=== TASK INSTRUCTIONS ===
Every entry below needs to be printed again exactly, with its pictures left out.

=== RECORDS SHOWN ===
▼

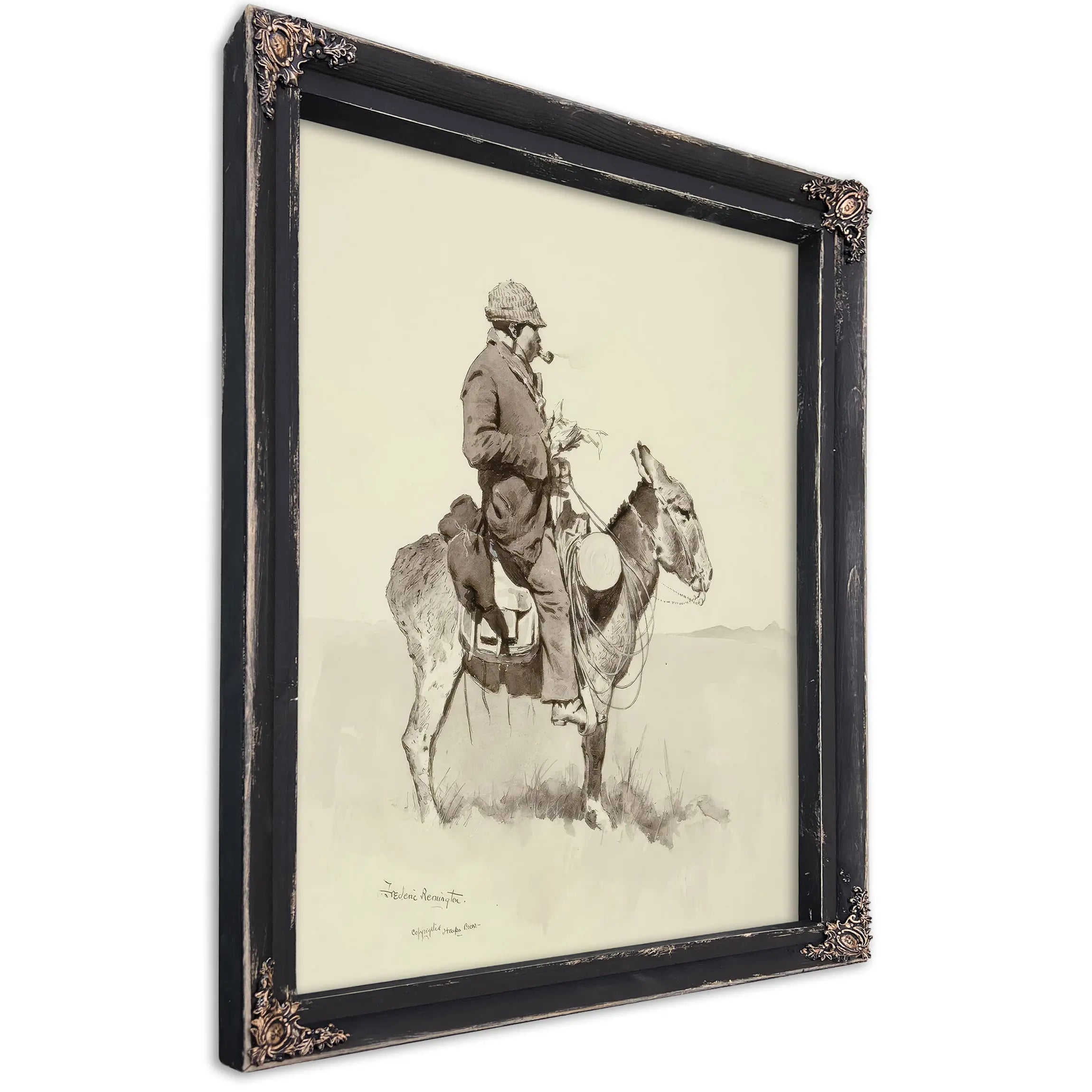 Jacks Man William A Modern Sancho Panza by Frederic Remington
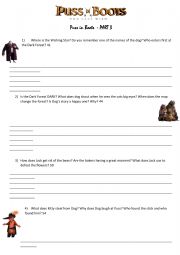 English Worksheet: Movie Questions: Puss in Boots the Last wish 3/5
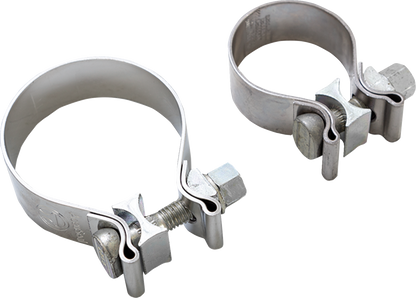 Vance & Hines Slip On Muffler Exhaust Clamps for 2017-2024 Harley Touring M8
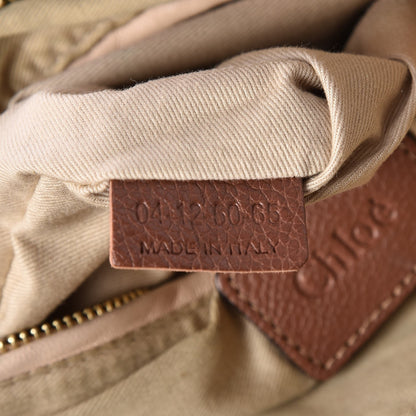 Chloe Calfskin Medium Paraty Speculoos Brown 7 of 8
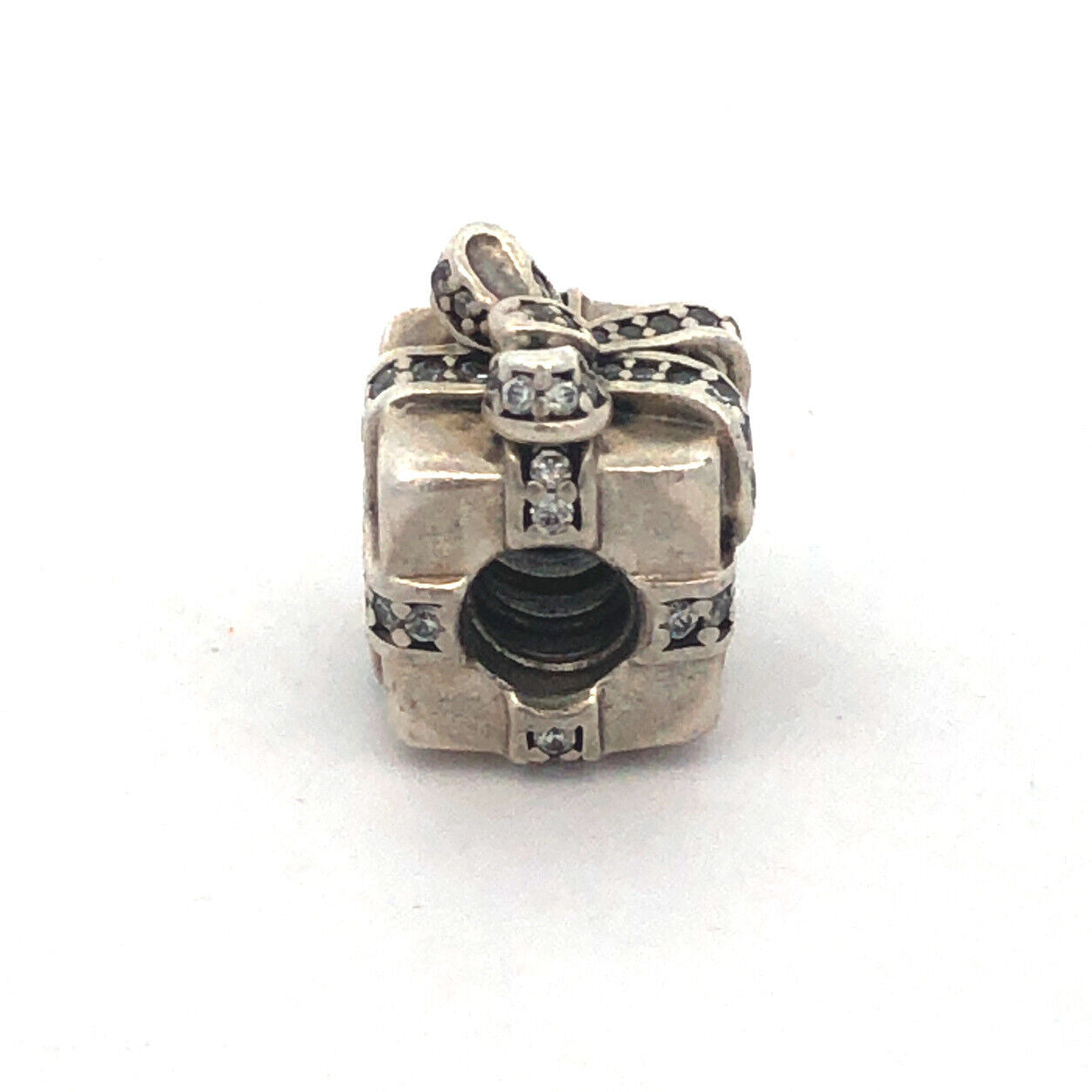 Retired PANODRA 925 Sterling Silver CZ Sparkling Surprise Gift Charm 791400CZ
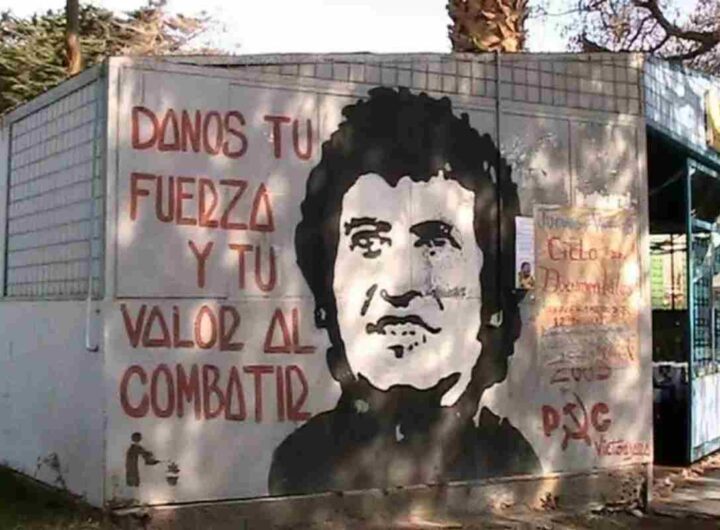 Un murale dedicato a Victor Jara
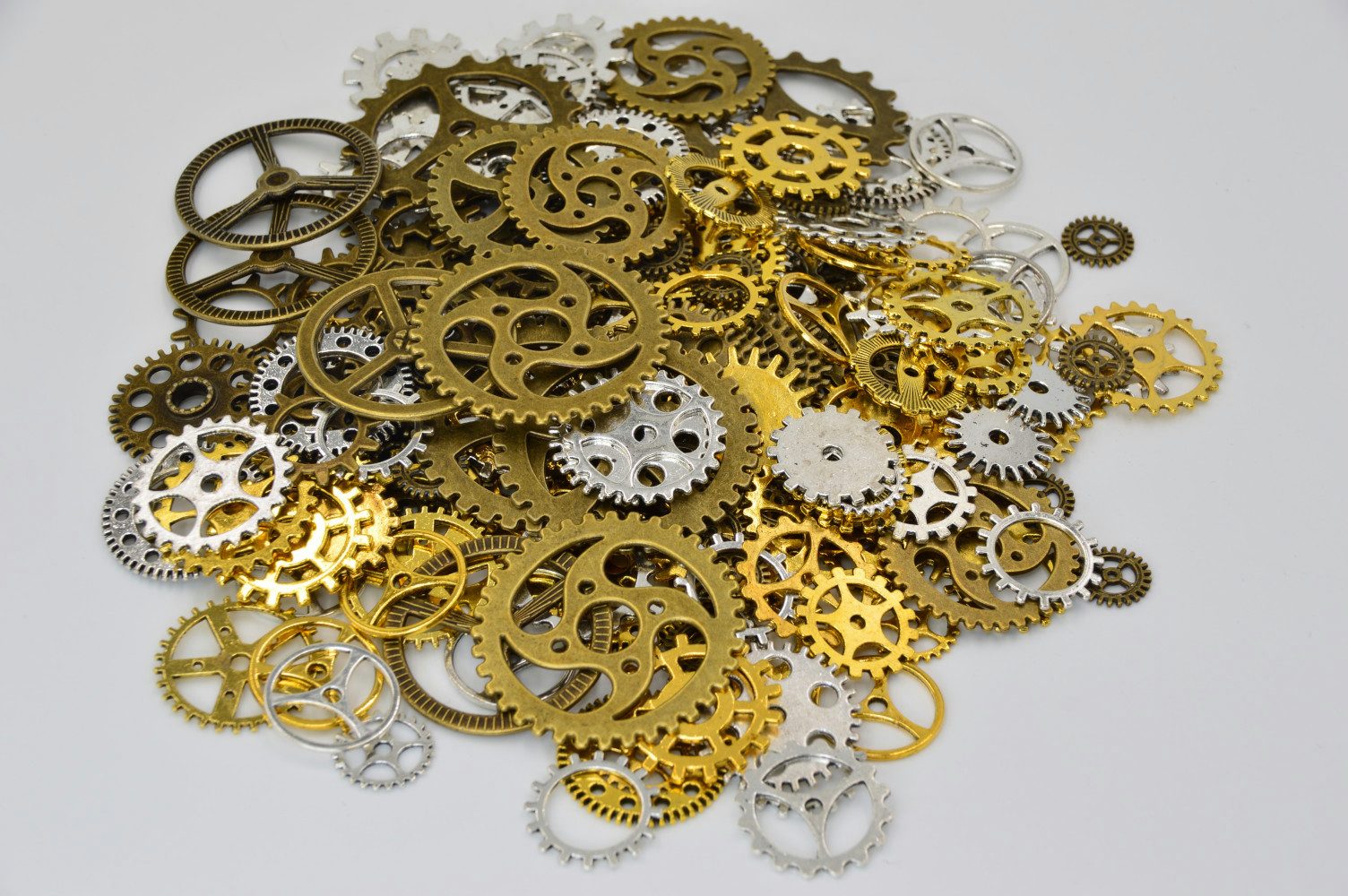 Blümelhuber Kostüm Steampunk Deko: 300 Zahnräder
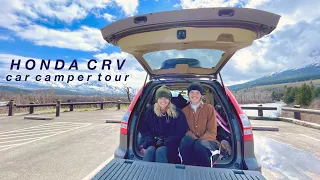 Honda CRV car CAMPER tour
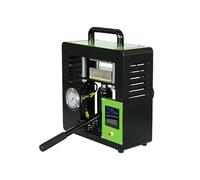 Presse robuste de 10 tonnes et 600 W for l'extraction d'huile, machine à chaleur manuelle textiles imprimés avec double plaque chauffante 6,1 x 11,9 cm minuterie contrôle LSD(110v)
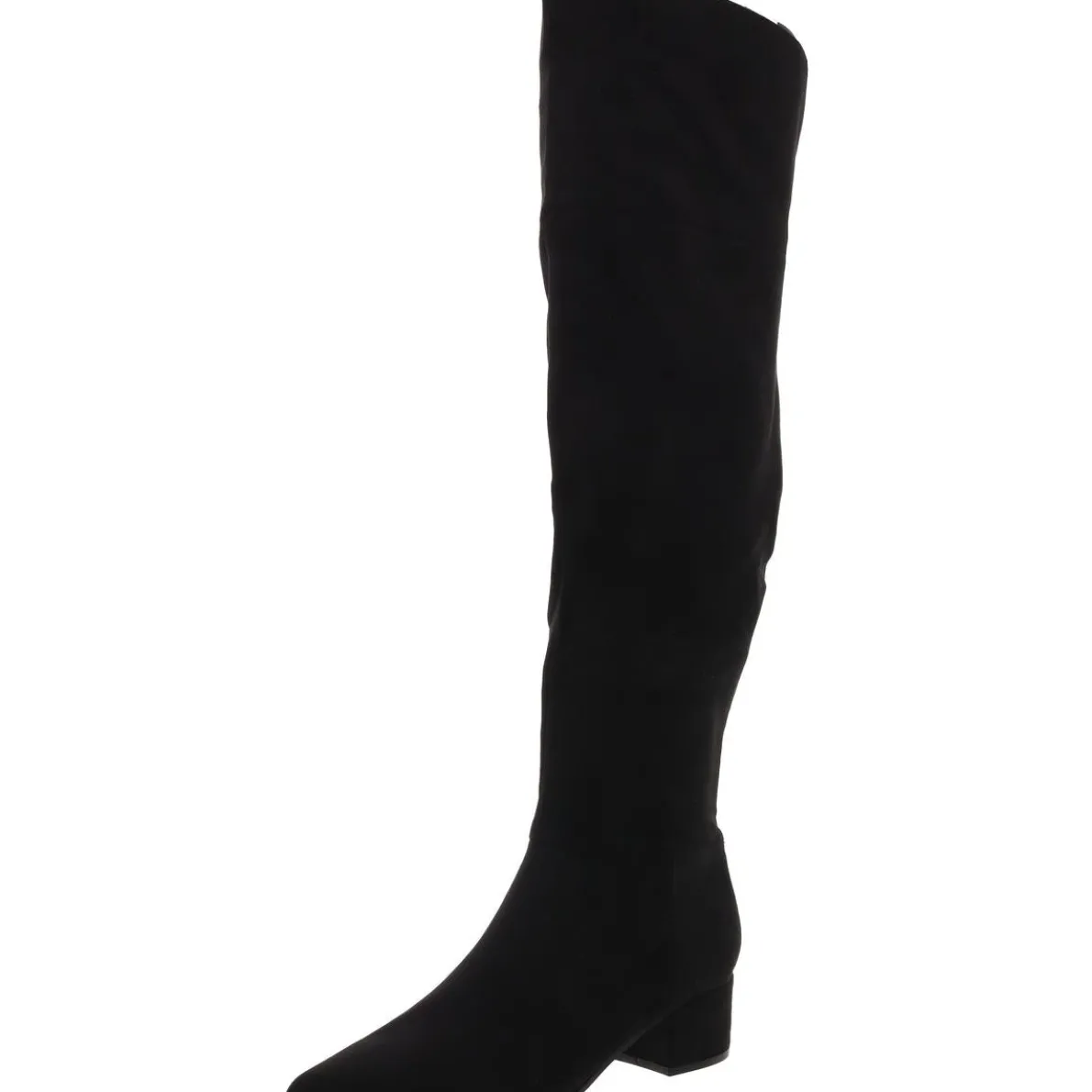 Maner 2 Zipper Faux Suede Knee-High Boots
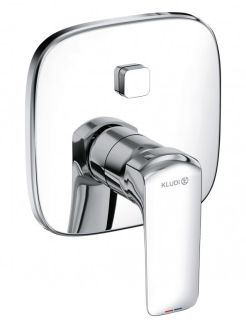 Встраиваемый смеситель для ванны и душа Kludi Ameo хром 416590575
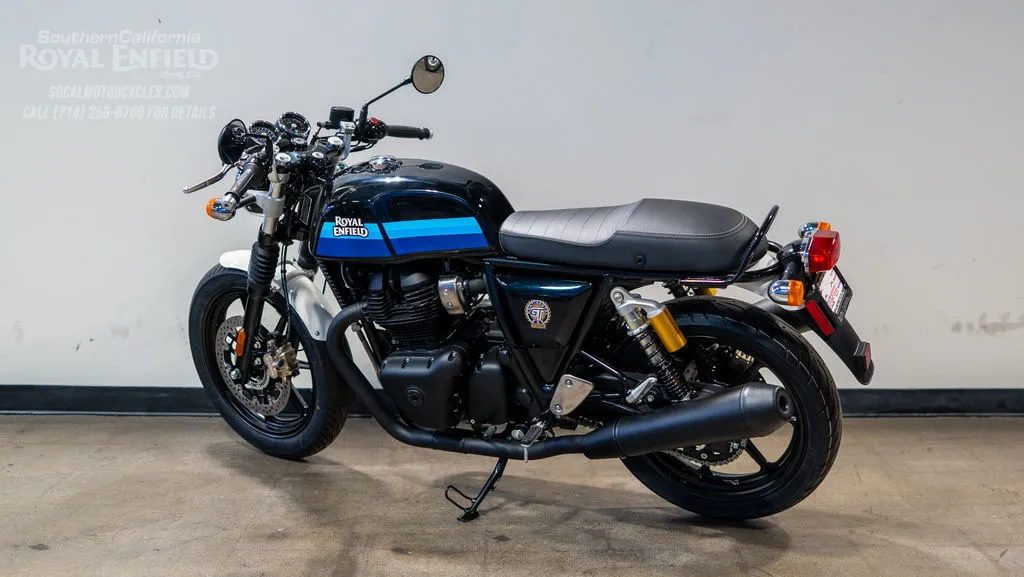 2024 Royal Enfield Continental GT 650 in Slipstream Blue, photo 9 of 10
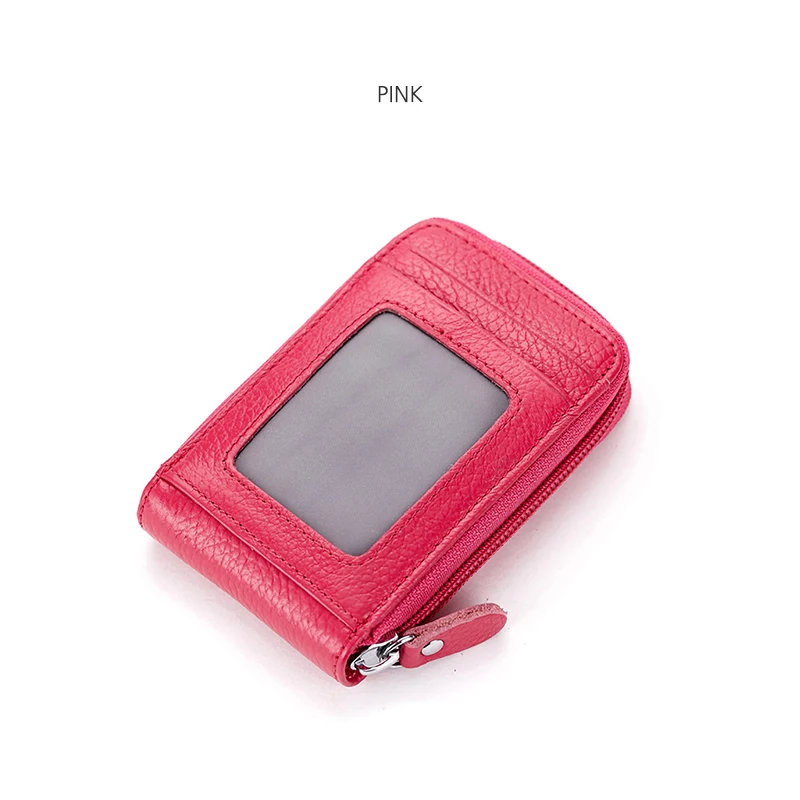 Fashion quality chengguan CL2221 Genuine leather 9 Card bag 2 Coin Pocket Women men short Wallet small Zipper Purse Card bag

▲

=== EXERCISE RESULT ===
 Jacks Man William A Modern Sancho Panza by Frederic Remington
 English Worksheet: Movie Questions: Puss in Boots the Last wish 3/5
 Vance & Hines Slip On Muffler Exhaust Clamps for 2017-2024 Harley Touring M8
 Chloe Calfskin Medium Paraty Speculoos Brown 7 of 8
 Retired PANODRA 925 Sterling Silver CZ Sparkling Surprise Gift Charm 791400CZ
 Un murale dedicato a Victor Jara
 Blümelhuber Kostüm Steampunk Deko: 300 Zahnräder
 Honda CRV car CAMPER tour
 Presse robuste de 10 tonnes et 600 W for l'extraction d'huile, machine à chaleur manuelle textiles imprimés avec double plaque chauffante 6,1 x 11,9 cm minuterie contrôle LSD(110v)
 Maner 2 Zipper Faux Suede Knee-High Boots
 Встраиваемый смеситель для ванны и душа Kludi Ameo хром 416590575
 2024 Royal Enfield Continental GT 650 in Slipstream Blue, photo 9 of 10
 Fashion quality chengguan CL2221 Genuine leather 9 Card bag 2 Coin Pocket Women men short Wallet small Zipper Purse Card bag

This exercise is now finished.